Da die aktuelle Scheibe „Holy“ der Wahl-Münchener Blackout Problems einen permanenten Platz auf meinem iPod gefunden hat, freue ich mich nicht nur auf den Hauptact an diesem Abend, sondern ebenfalls auf einen vielversprechenden Support. Gegen 20 Uhr betritt die Band im blauen Zimmer die Bühne und zockt hauptsächlich neues Material. Obwohl melodische Parts und Gitarrenriffs bereits im Studio harmonierten, wirken die Songs auf der Bühne noch druckvoller und durch die Performance der Münchener facettenreicher. Mit Titeln wie „Into The Wild“ oder „Hold On“ müssen sich Blackout Problems keineswegs vor anderen melodischen Punk Rock-Bands verstecken. In dem kurzen Set machen die Münchener alles richtig. Die Haare fliegen durch die Luft, die emotionalen Töne des Sängers sitzen und obwohl das Publikum sich noch recht verhalten zeigt, hinterlassen die Musiker ein sehr positives Gefühl bei den Zuhörern. Neben der musikalischen Leistung liegt dies sicher auch an der umgänglichen und sympathischen Art der Münchener.

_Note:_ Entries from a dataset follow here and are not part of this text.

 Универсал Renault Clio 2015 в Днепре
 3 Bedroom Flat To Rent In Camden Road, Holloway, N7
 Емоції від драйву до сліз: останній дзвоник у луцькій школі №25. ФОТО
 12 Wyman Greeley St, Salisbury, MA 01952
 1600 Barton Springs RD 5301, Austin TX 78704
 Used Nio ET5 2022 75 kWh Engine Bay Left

Nach kurzer Umbaupause und einem Soundcheck geht es rasch weiter und Apologies, I Have None aus London sind bereit für ihren Auftritt. Der Brexit scheint der Band noch nicht zugesetzt zu haben, denn die Band ist bester Laune. Schließlich haben sie ihr neues Album „Pharmacie“ im Schlepptau. Obwohl die neuen Songs auf Platte zugegebenermaßen hinter den Erwartungen blieben, liefert die Band eine sehr beeindruckende Show. Zum einen liegt dies sicherlich daran, dass die Briten nicht all zu viel neues Material spielen und zum anderen daran, dass selbst neue Songs live intensiver wirken und die emotionalen Parts insgesamt durch die tatkräftige Unterstützung des Publikums noch mehr Laune bereiten.

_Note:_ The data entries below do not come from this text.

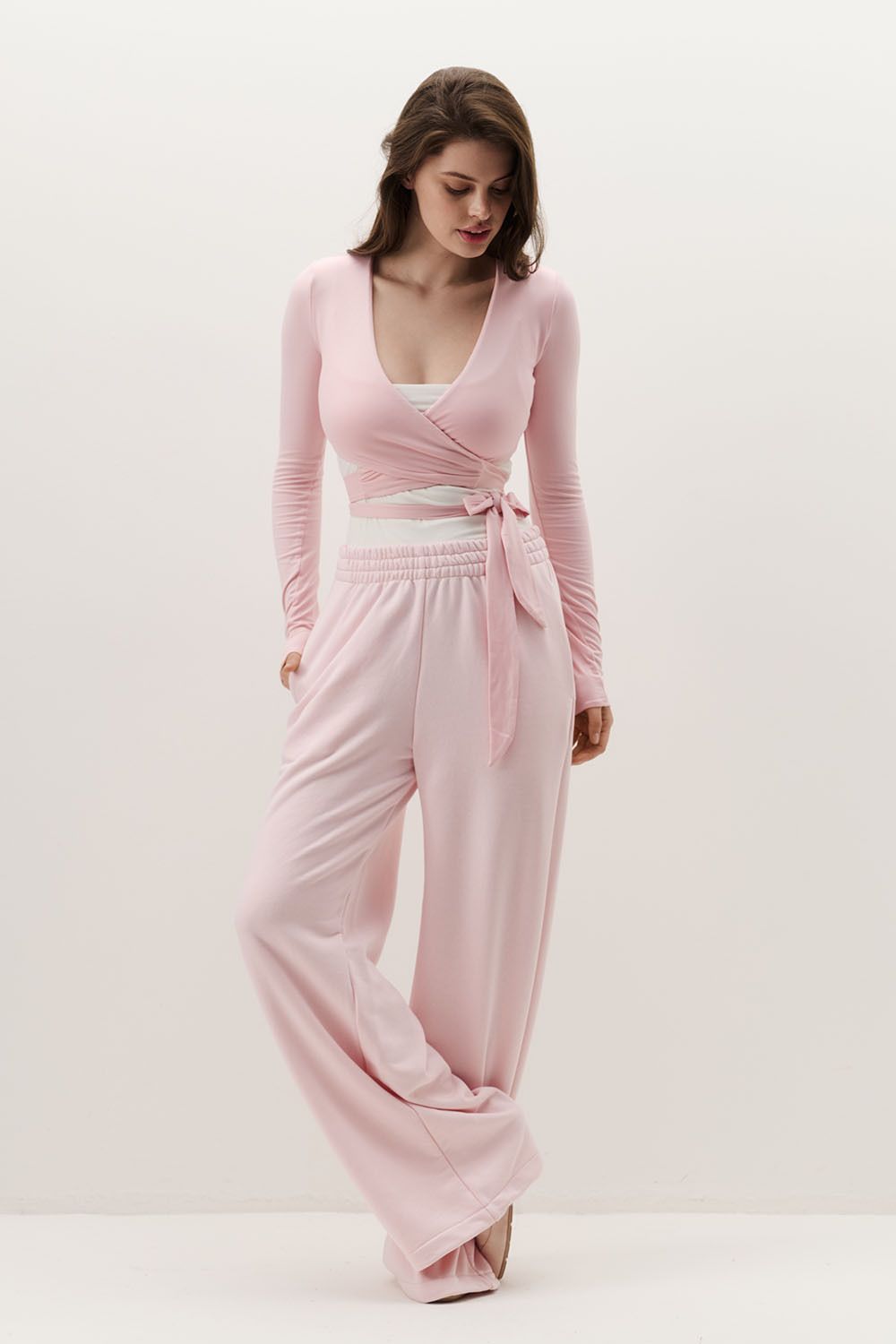 Широкие джоггеры без начеса с утяжкой нежно-розового цвета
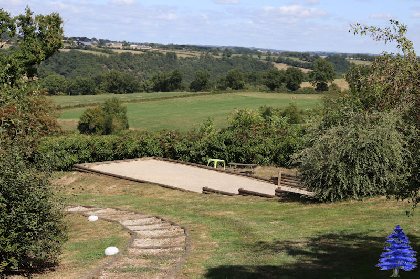Boulodrome et sa vue, Ô Cèdre Bleu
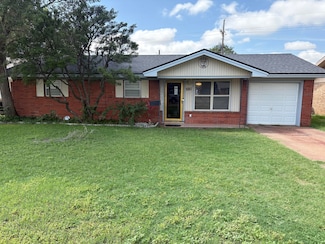 5211 46th St, Lubbock, TX 79414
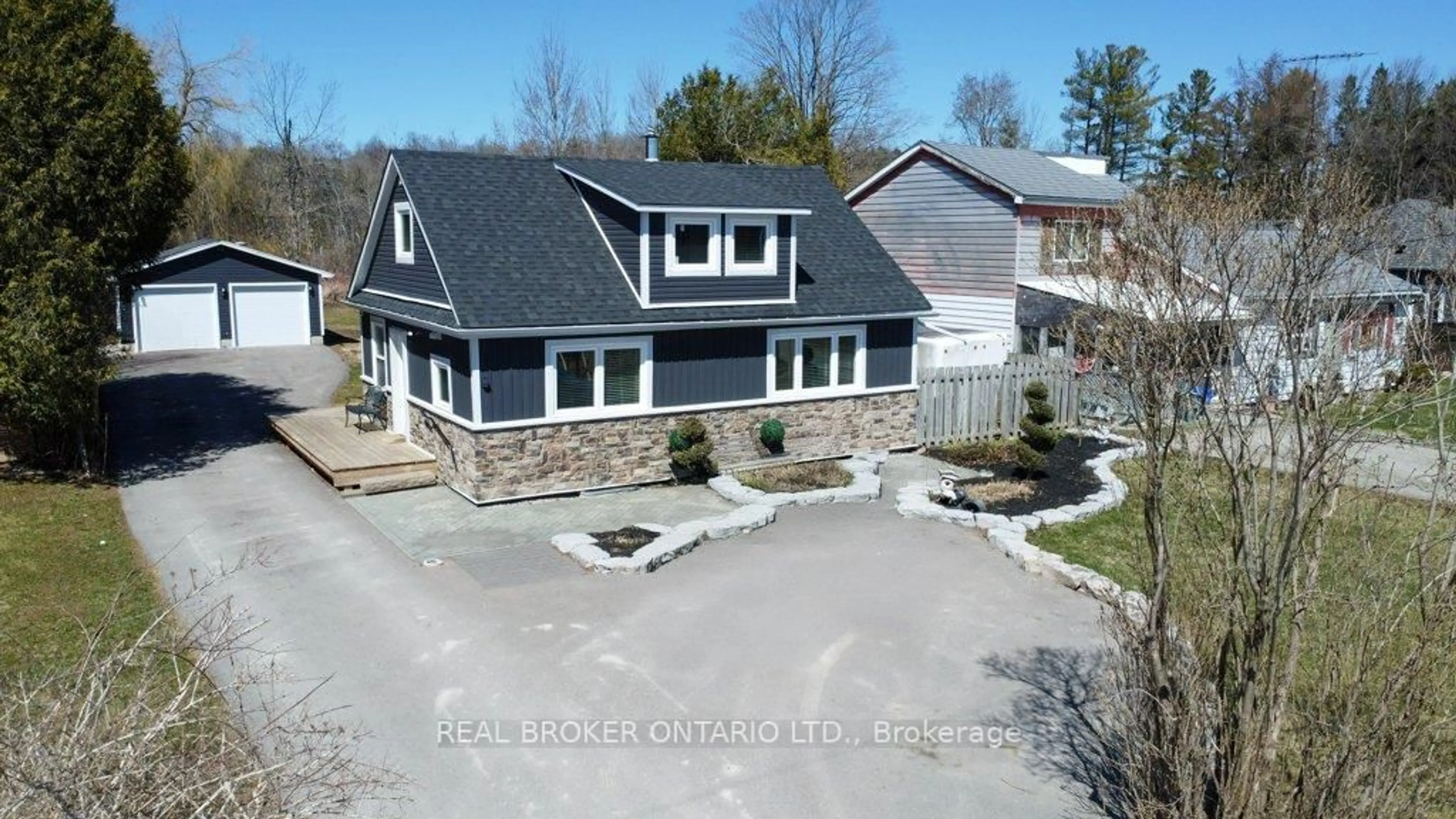 A pic from outside/outdoor area/front of a property/back of a property/a pic from drone, street for 9488 Wellington 124 Rd, Erin Ontario N0B 1T0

Wem das Debütalbum „London“ ans Herz gewachsen ist, kommt auch an diesem Abend voll auf seine Kosten. In den Texten von „Sat In Vicky Park“, „Concrete Feet“ oder „The 26“ findet sich der eine oder andere wohl oder übel wieder. Doch an diesem Abend werden Depressionen überwunden und gebrochene Herzen im Kollektiv wieder vereint. Die Meute singt und feiert die Klassiker. Selbst düstere Titel der „Black Everything“-EP entfalten ihre positive Energien und Sänger Josh McKenzie trifft nicht nur jeden Ton, sondern plaudert auch mit dem Publikum. Dabei machen auch neue Songs wie „Wraith“ Laune und fügen sich ins Set. Jedoch verlassen Apologies, I Have None nach einer emotionalen Reise durch Depression, Glück und Hoffnung und ein paar Zugaben gegen 22.15 Uhr die Bühne.

Wenn man zwei hochkarätige Bands wie Blackout Problems und Apologies, I Have None zusammen auf Tour schickt, vergehen zwei Stunden wie im Flug. Deshalb nehme ich die besten Eindrücke des Abends mit nach Hause und freue mich bereits auf die nächsten Tourneen beider Bands.